_What you are asked to do_.
Copy out each line of the data that holds the string "Image".

START Raw data

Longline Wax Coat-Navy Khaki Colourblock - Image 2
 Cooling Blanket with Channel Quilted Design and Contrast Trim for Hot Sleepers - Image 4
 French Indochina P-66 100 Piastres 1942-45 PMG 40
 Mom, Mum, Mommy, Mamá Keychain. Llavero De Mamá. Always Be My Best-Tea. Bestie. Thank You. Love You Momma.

END Raw data

_Solution_.
Longline Wax Coat-Navy Khaki Colourblock - Image 2
 Cooling Blanket with Channel Quilted Design and Contrast Trim for Hot Sleepers - Image 4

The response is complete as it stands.